Дядя ездил по руднику на стареньком велосипеде, хотя в гараже у него всегда стояла новая машина. Когда я была совсем маленькой, это был красный «Москвич». Потом, помню, были белые «Жигули». И уже на закате страны победившего пролетариата жезде (муж тети) исполнил заветную мечту советского человека – купил новую черную «Волгу». На машине дядя возил семью по гостям да по родственникам, а по Жолымбету еще задолго до появления хипстеров – да, только на велосипеде, причем всегда в пиджаке и джинсах. Сейчас он живет в Астане и, гуляя с внуками по набережной Ишима, в глазах столичных прохожих в своем неизменном пиджаке и начищенных ботинках, думаю, выглядит государственным служащим на пенсии, но никак не человеком, всю жизнь отпахавшим на шахте проходчиком.
Жезде – передовик производства в моем детском окружении был единственным представителем канонического рабочего класса, и, приезжая на рудник, я видела, что это действительно гегемон. Высокие по советским меркам зарплаты, на которые в местных магазинах можно было отовариться гораздо большим количеством вещей и продуктов, чем в областном центре Целинограде, не говоря уже о соседних районах и селах; бесплатный лечебный пансионат и путевки в здравницы по всему Союзу; автомобили вне очереди и особая гордость рудника, изысканный досуг для уставшего пролетария – бассейн, куда, впрочем, ходили только дети, и который в девяностых годах первым падет жертвой бессмысленного и беспощадного вандализма.

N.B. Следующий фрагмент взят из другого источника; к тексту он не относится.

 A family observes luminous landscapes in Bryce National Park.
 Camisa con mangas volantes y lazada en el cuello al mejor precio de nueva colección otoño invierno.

После развала Союза рабочие стали классом-фантомом, о котором вспоминают только в связи с гибелью на производстве, и то если массовой, и во время забастовок, и то если про них напишет пресса.
Из-за этих нехитрых привилегий и пафоса советской риторики в адрес рабочего класса отношение к рабочим после падения их диктатуры сложилось от обратного снисходительно-пренебрежительное. Неотесанная темная масса, опора тоталитаризма, зарабатывавшая как профессура – зарплатное равенство с научной интеллигенцией особенно часто припоминают и не могут простить советскому человеку труда. После развала Союза рабочие стали классом-фантомом, о котором вспоминают только в связи с гибелью на производстве, и то если массовой, и во время забастовок, и то если про них напишет пресса. Это особенно четко проявил Жанаозен, когда многомесячную забастовку нескольких сотен рабочих не замечала не только власть, но и общество, а последующий расстрел бастующих не вызвал единодушного сочувствия даже у городской интеллигенции. Слишком многие быстро и охотно поверили в официальную версию про напавших на полицию рабочих, и опять-таки сильное раздражение вызывали растиражированные пиарщиками нефтяных компаний «высокие» зарплаты людей, занятых на сложном, физически изматывающем производстве.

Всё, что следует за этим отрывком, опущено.